U.S. Can Survive a European Recession
A downturn in Europe will cut U.S. exports and raise credit costs, but won’t have a big impact.
Europe is slipping into recession, with contraction likely in the fourth quarter and through the first half of 2012.
The economic slowdown is being caused by the lingering sovereign debt crisis in Ireland, Portugal, Greece and now Italy. The predicament is slowing trade among euro member states, fueling austerity sentiment, decreasing government spending and discouraging business investment. Expect the European Union to grow just 0.4% in 2012, following 1.2% growth this year.
The U.S. economy will feel the impact of this slowdown, but isn’t likely to slide back into recession — unless Europe spins out of control and experiences a default of a major economy, which we don’t expect. Look for the U.S. to hang on to a lean 2% growth in 2012 gross domestic product, about the same pace as in 2011.
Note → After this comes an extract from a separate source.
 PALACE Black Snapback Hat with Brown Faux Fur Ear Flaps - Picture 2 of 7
We’re in for at least six more months of uncertainty in financial markets, as Europe struggles to put itself right. Don’t expect business leaders to commit to new hiring until there’s a clearer path for global economic growth. But the U.S. is seeing strength in essential areas. Business spending is expected to be up 5% next year, while consumer sales will grow by as much as 10%. Interest rates will stay low for the foreseeable future, and inflation is expected fall in 2012. Even with weak housing and slow growth in jobs, we don’t expect a U.S. recession.
Still, a recession in Europe would impact some areas of the U.S. economy more than others. Specifically, expect a decline in European demand for U.S. exports. Europe buys about one-fifth of American exports. Some U.S. states will be hit harder by an export decline, according to a recent survey by Wells Fargo Securities.
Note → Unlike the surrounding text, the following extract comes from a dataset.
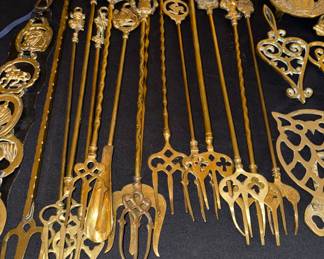 Brass toasting forks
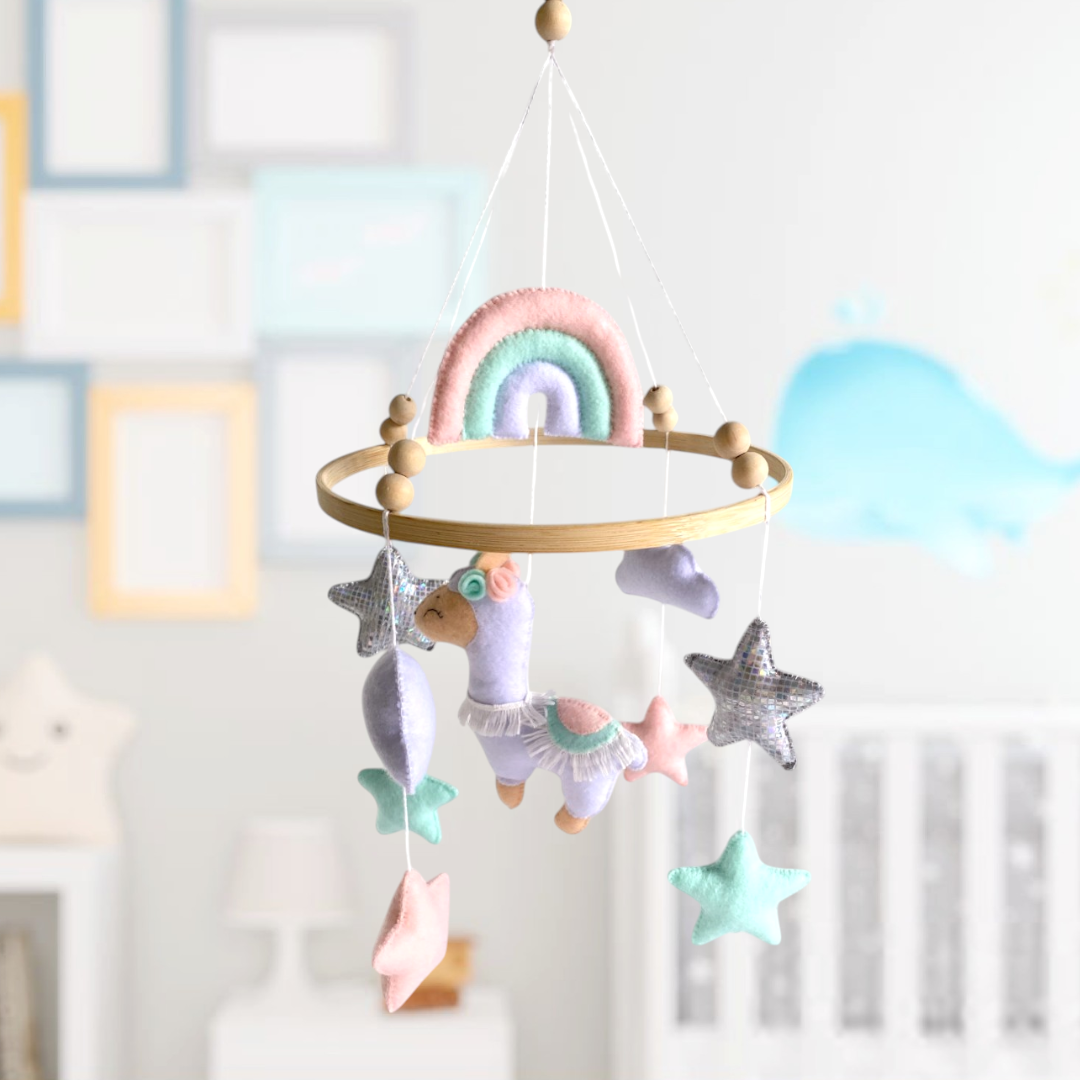 Baby Llama Mobile for Nursery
Utah, South Carolina, Louisiana and West Virginia earn the largest portions of their state GDP from European exports, and could be harder-hit than other states by declining export activity. Producers of construction and farm machinery, food, aircraft, high-tech gear and other U.S.-manufactured goods will all experience less growth in Europe. Overall, though, the drop in U.S. exports will reduce GDP by just 0.1 percentage points in 2012.
International interest rates are on the rise — a sign of increased stress in bank-to-bank lending. Though still low, the one-year London Interbank Offered Rate is up 20 basis points since June. LIBOR is widely employed as a benchmark rate in the U.S., mostly on adjustable rate mortgages and about half of private student loans, as it fluctuates more than the Fed-based prime rate. Higher rates mean consumers pay more for loans and will be less likely to borrow.
The biggest risk, of course, is a new financial crisis spurred by government debt that causes a cascade of bank failures around the world. Greece is already insolvent and while U.S. bank exposure to Greek debt is limited, most big American banks have stakes in European banks, which are facing big write-downs for Greece. Plus, U.S. banks hold $47 billion in Italian bonds, which could be at risk for similar losses.
Odds are Italy won’t default on its debt and trigger a cascade of failures. The bold moves needed to jolt the country’s stagnant economy back to life are coming, but won’t happen quickly. Italy’s leaders must push through strong measures to boost growth, which averaged just 0.25% annually over the past decade. The country will try to cut bureaucratic red tape to improve its business climate — it currently ranks 87th in the world in terms of ease of doing business, according to the World Bank.
Italian leaders also need to push for long-term, structural labor reforms and to sell public assets to shore up reserves. Such measures are needed to calm investors’ nerves and stop the rise of bond yields, which are hovering above 6% of late. At that level, Italy will have trouble rolling over $273 billion in debt coming due by the end of April.